Construction of full-length cDNA copies of viral double-stranded RNA.

A method is described for the construction of full-length cDNA clones of dsRNAs. All dsRNA viruses have a capsid-associated transcriptase that is responsible for synthesis of the plus strand that is then extruded from viral particles. We have used in vitro transcripts synthesized by the segmented Saccharomyces cerevisiae virus (ScV) as templates for first-strand cDNA synthesis. Synthesis was primed by a 33-base synthetic oligonucleotide. This contained 27 nucleotides complementary to the 3' end of the plus strand from one ScV viral dsRNA segment (S14), and 6 additional nucleotides encoding an XbaI restriction site at the 5' end.

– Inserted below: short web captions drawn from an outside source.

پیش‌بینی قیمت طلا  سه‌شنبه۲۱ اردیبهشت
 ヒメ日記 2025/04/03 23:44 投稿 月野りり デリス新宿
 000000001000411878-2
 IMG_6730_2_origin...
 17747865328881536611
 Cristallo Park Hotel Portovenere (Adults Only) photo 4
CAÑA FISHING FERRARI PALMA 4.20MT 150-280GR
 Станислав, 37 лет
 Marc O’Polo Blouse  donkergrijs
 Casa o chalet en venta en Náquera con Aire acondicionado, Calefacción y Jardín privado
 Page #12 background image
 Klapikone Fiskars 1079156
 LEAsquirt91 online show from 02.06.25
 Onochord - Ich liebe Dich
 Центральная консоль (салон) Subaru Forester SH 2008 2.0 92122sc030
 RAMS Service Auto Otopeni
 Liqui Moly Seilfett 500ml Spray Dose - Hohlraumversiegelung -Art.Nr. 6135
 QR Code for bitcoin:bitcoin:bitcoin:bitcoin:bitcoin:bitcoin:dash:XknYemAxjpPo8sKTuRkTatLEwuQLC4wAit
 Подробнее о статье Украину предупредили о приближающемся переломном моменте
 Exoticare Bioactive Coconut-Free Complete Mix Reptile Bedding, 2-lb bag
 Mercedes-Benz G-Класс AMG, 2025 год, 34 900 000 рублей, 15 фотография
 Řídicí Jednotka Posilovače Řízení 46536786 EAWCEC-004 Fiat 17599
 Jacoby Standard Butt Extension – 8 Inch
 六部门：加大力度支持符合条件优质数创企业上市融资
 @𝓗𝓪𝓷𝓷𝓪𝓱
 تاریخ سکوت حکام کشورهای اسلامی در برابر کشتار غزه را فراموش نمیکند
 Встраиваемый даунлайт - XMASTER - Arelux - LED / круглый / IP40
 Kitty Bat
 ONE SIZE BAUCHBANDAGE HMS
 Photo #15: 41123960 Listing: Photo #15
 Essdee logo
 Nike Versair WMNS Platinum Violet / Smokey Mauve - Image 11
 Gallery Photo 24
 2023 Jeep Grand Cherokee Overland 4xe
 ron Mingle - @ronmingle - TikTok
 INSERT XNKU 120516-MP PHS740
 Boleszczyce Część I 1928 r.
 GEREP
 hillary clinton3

The second cDNA strand was synthesized using a similar XbaI linker-synthetic oligonucleotide and the ds cDNA was cloned by standard ligation techniques. All four cDNA plasmid isolates characterized by sequence analysis contained the complete 5' end sequence of S14. Two of these were complete at the 3' end, and one lacked a single base here. Of these four clones, one also retained the XbaI sites at either end. Preparing full-length cDNA clones with unique restriction-site linkers by the use of synthetic oligonucleotides allows for easier screening for complete cDNA clones if neither the vector nor the cDNA has the chosen restriction site. It also provides for easier sequence analysis and manipulation of the genome for later studies, such as cloning into expression vectors. This method is more efficient than any previously described for production of full-sized cDNA clones.